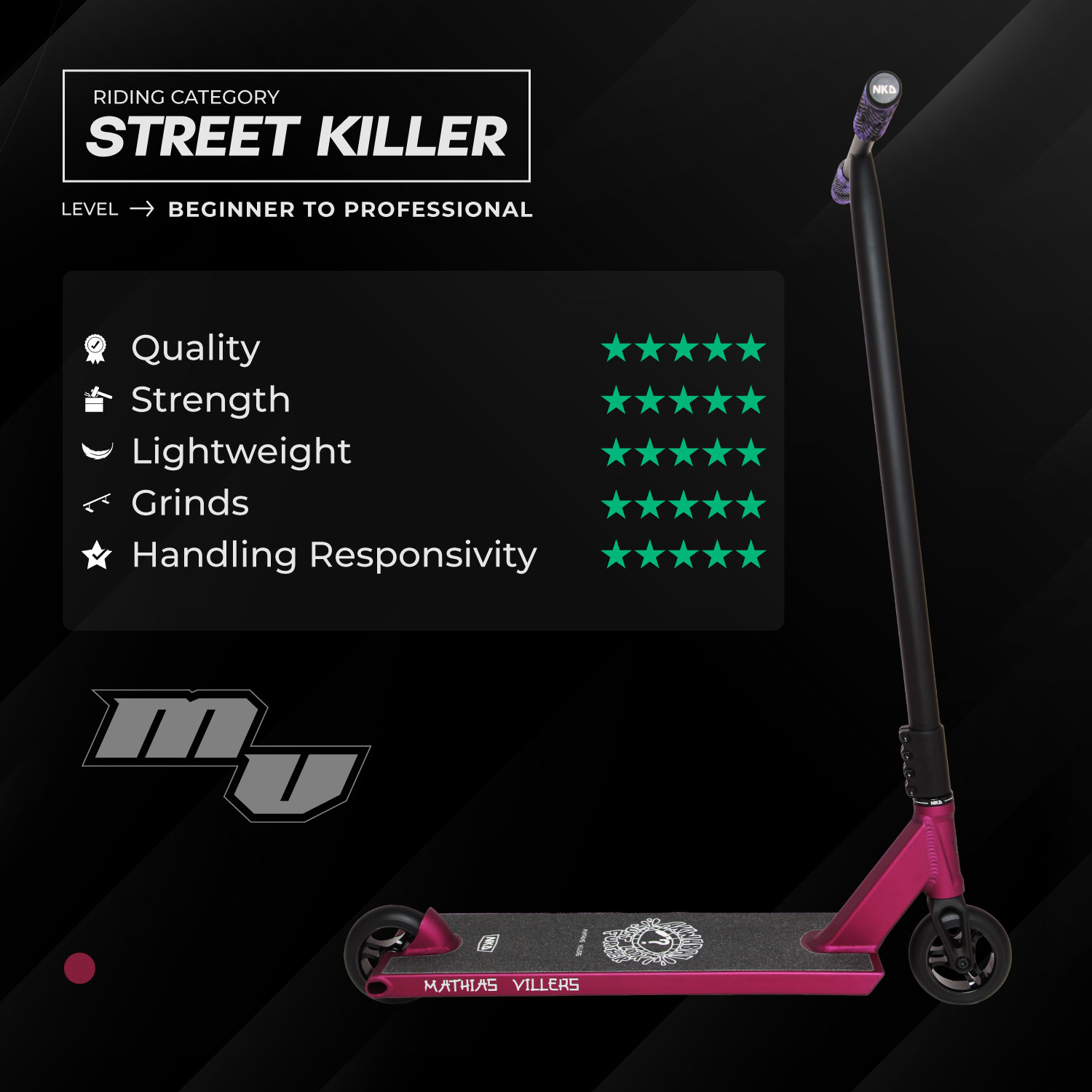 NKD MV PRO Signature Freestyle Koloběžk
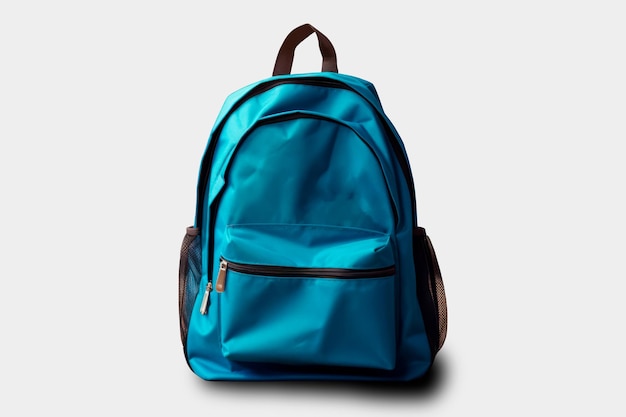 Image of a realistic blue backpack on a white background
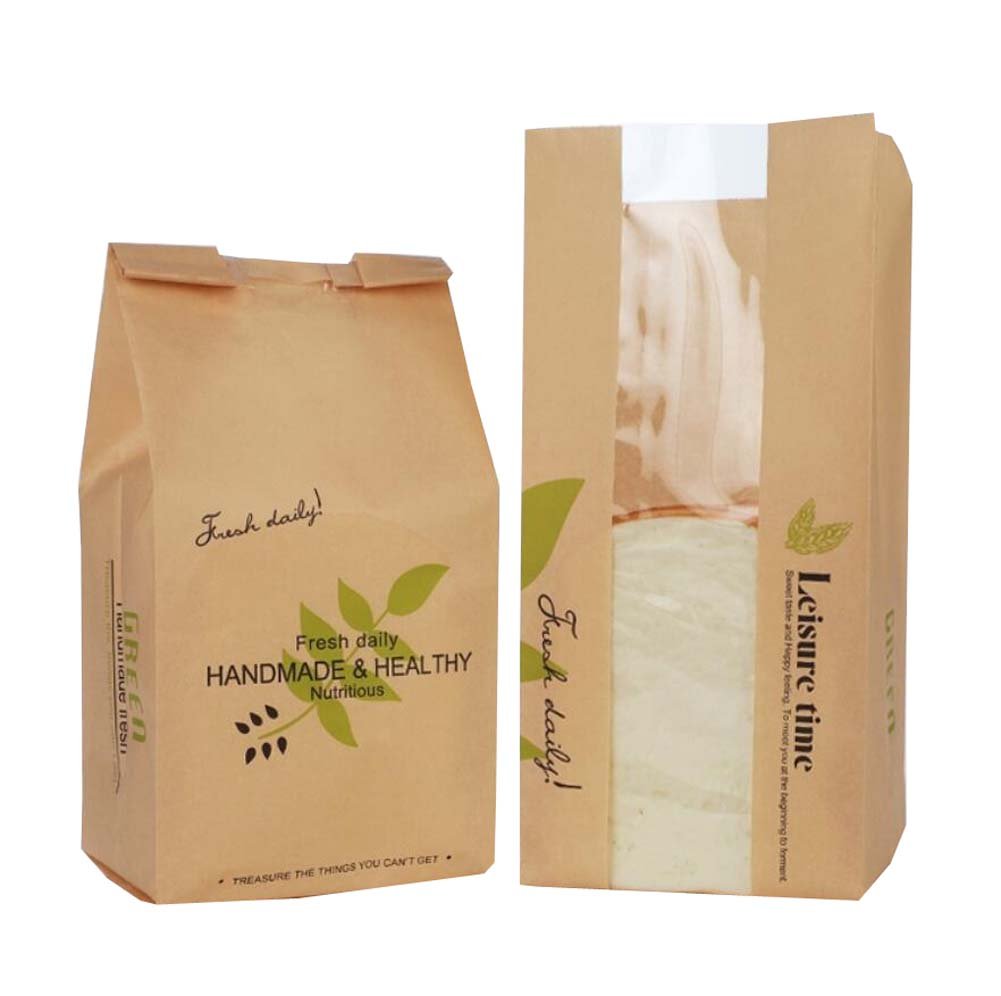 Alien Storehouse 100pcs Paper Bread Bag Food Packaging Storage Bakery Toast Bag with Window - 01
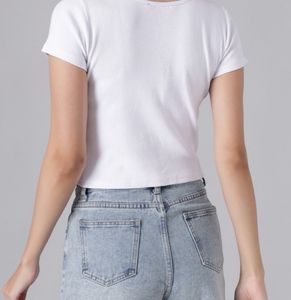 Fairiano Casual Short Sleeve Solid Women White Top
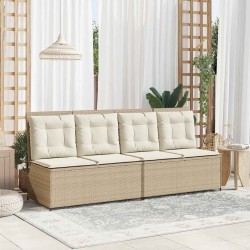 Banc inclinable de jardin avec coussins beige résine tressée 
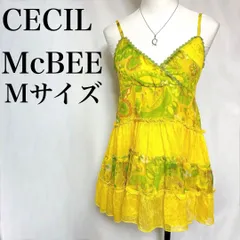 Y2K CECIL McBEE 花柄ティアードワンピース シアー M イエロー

---

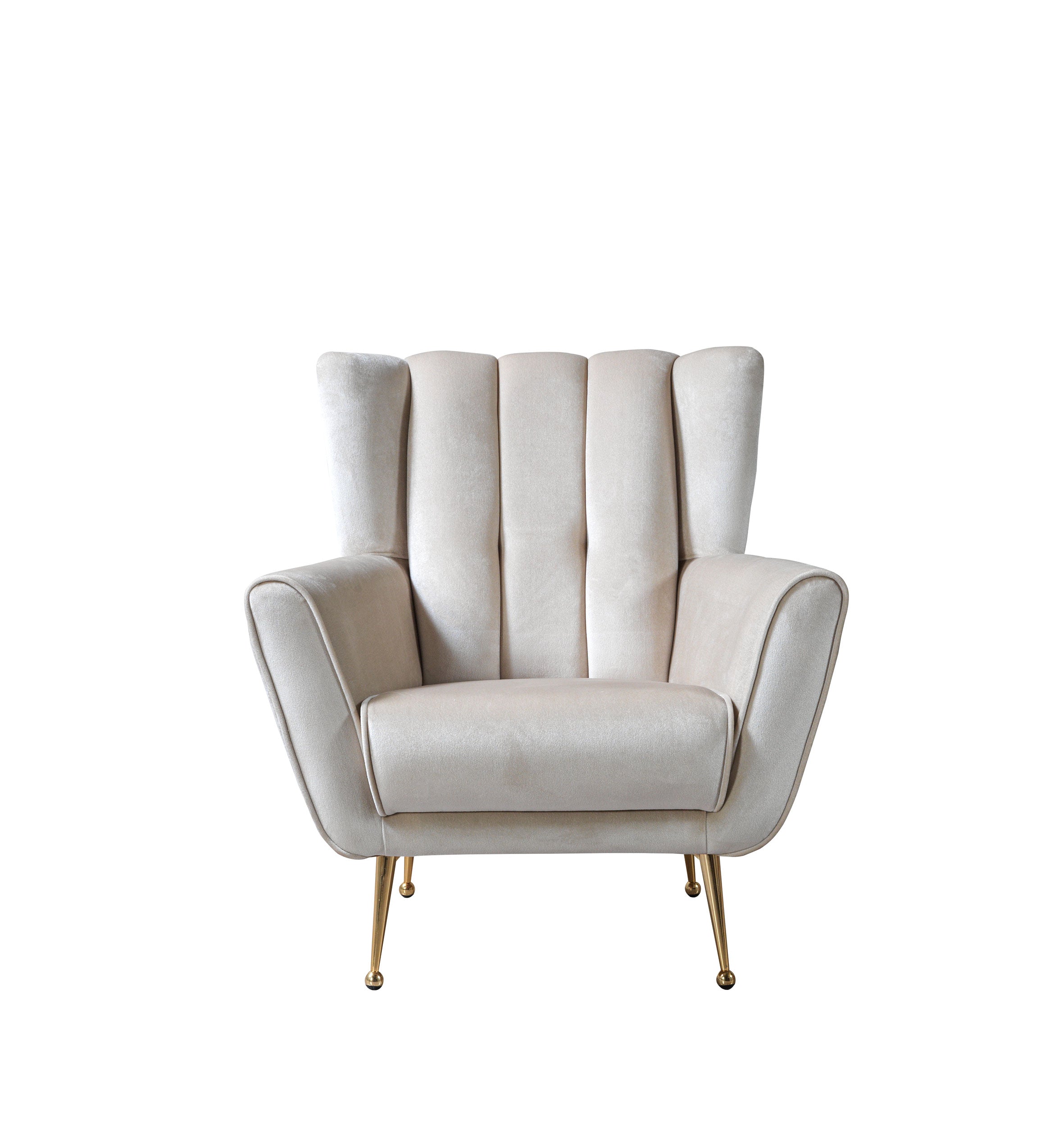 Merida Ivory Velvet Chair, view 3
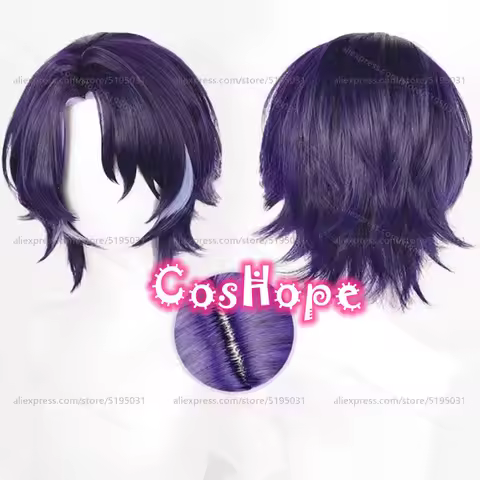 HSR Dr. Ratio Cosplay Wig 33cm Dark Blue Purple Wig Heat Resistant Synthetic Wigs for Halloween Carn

- Exercise requirements -
Everything from the line with "Banc inclinable de" through the line with "Y2K CECIL McBEE 花柄ティアードワンピース シアー M イエロー" in the material above should be transcribed exactly, except the pictures.

- Task result -
 Banc inclinable de jardin avec coussins beige résine tressée 
 Y2K CECIL McBEE 花柄ティアードワンピース シアー M イエロー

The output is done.